= I Zingari League =

Former amateur football competition

The I Zingari League was an amateur association football competition based in Liverpool, England which existed from 1895.

Its name means 'the gypsies' in dialecticised Italian, and I Zingari was the name of an English amateur cricket club formed in 1845, and an Australian one formed 40 years later. The Liverpool football league’s name invokes their spirit of amateur competition.

The league ran until 2006, when it merged with the Liverpool County Combination to form the new Liverpool County Premier League. It was at one time a feeder to the North West Counties League.

Geographically, the League's member clubs spanned an area administered by the Liverpool County Football Association, Cheshire Football Association and Lancashire County Football Association and players from the League's clubs have played in the representative teams of all three associations.

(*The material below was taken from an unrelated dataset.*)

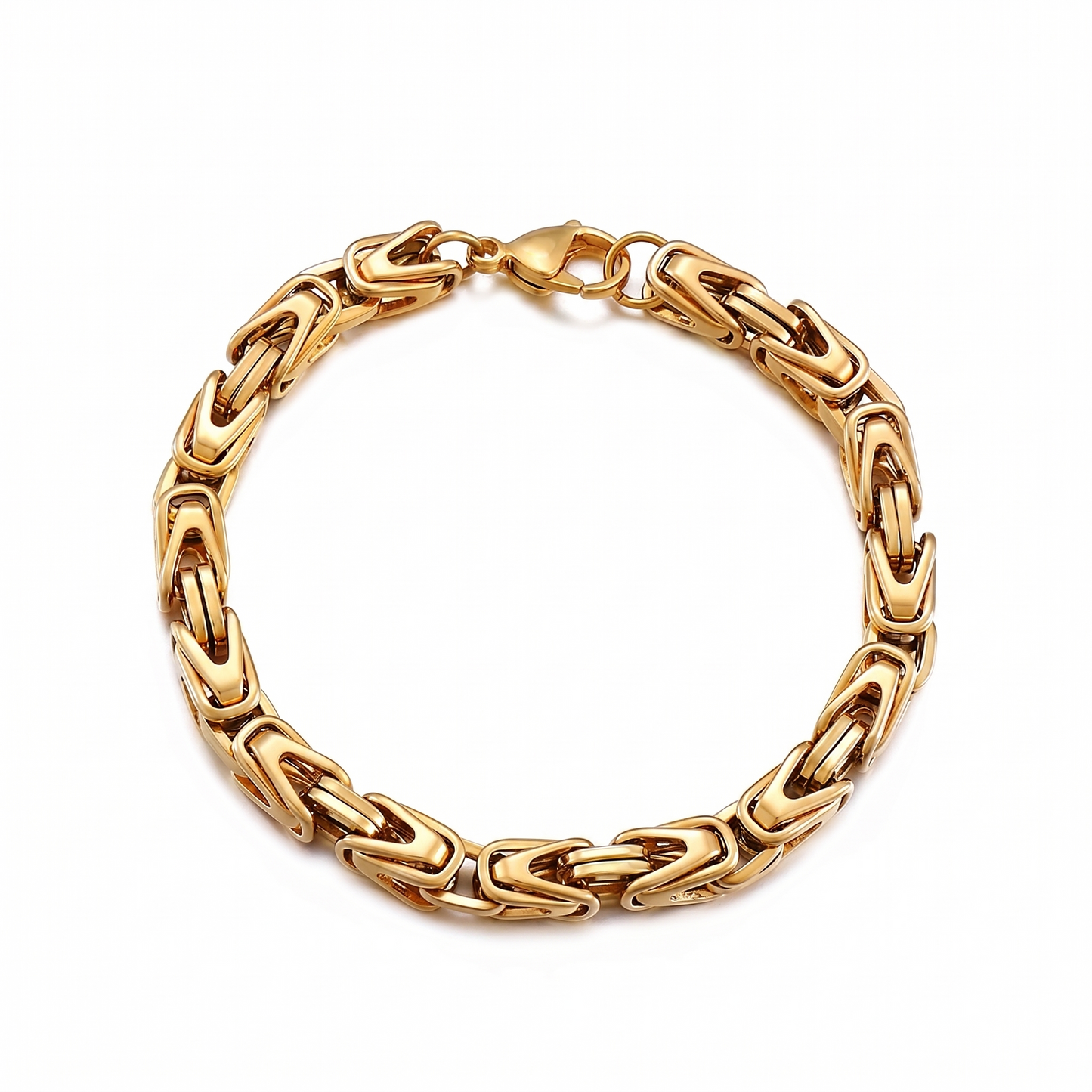 Pulsera de Corona de Eslabón Lucian | Oro blanco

Two players gained a cap for the England national amateur football team whilst playing for clubs in the I Zingari League, J B Healey (Old Xaverians) in 1908 and A E Millington (Liverpool Police) in 1930, despite the longstanding bias of the selection process in favour of players from clubs in London and the South East.

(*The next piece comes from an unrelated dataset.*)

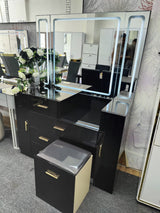 Shanai vanity with sitting stool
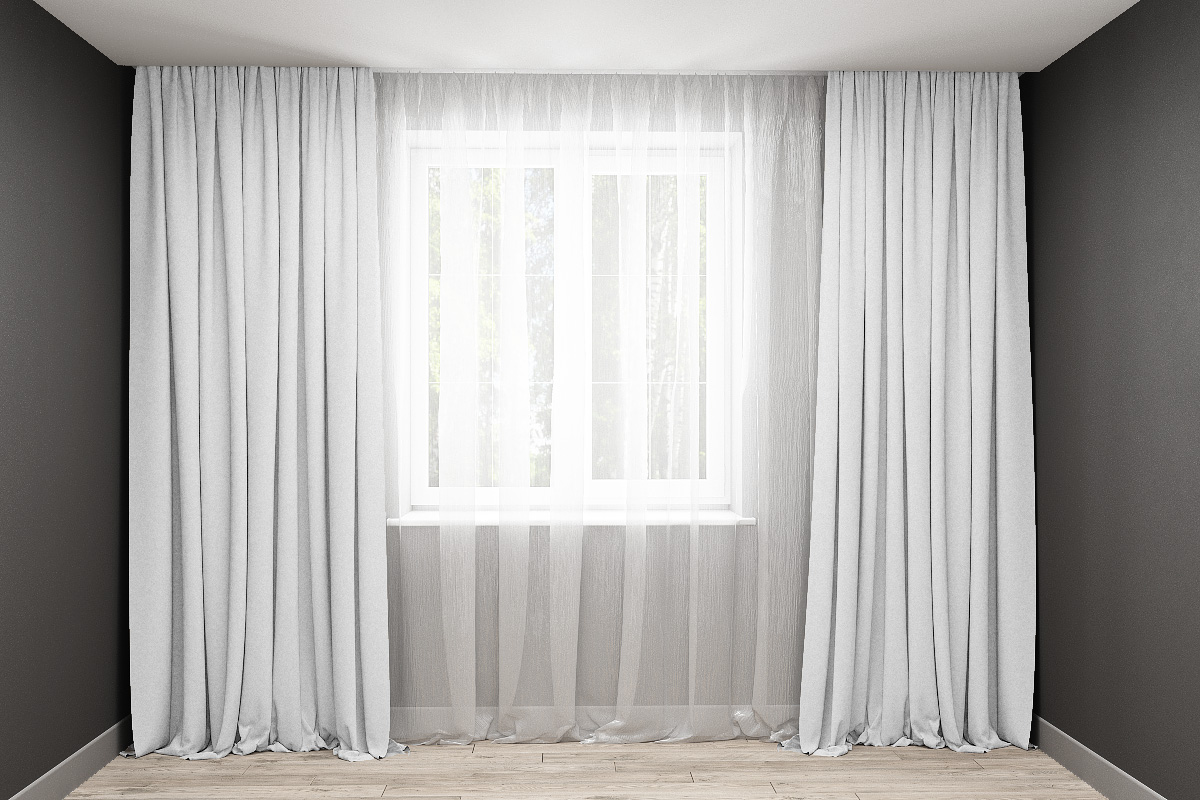 

Комплект штор Декорин Микровелюр 200x255 см Бледно-серых 2 шт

Notable local non-league clubs Marine and Formby competed in this league in the past. Formby's spell was 1931-38, during which time Albert Tomkin signed directly from Formby to Tottenham Hotspur in the Football League Second Division.

A representative fixture against the Lancashire Amateur League was played annually between 1919 and the league's discontinuation.

==Member clubs==
The final season's Premier Division featured 14 teams. The final champions were Old Xaverians.

| Alsop OB |
| BRNESC |
| Collegiate OB |
| East Villa |
| Hill Athletic |
| Liverpool NALGO |
| Mackets |
| NELTC |
| Old Xaverians |
| Quarry Bank OB |
| Red Rum |
| Roma |
| Turpins Devonshire |
| Warbreck |

==I Zingari Combination==
The I Zingari Combination was founded in 1904 to serve as a competition primarily for the reserve sides of I Zingari League clubs. Despite the discontinuation of the League, the Combination continues to run, hosting 39 teams across a single open-age and three veterans' divisions. Whilst no formal arrangement exists, the open-age competition frequently serves as a provider of clubs to the Liverpool County Premier League.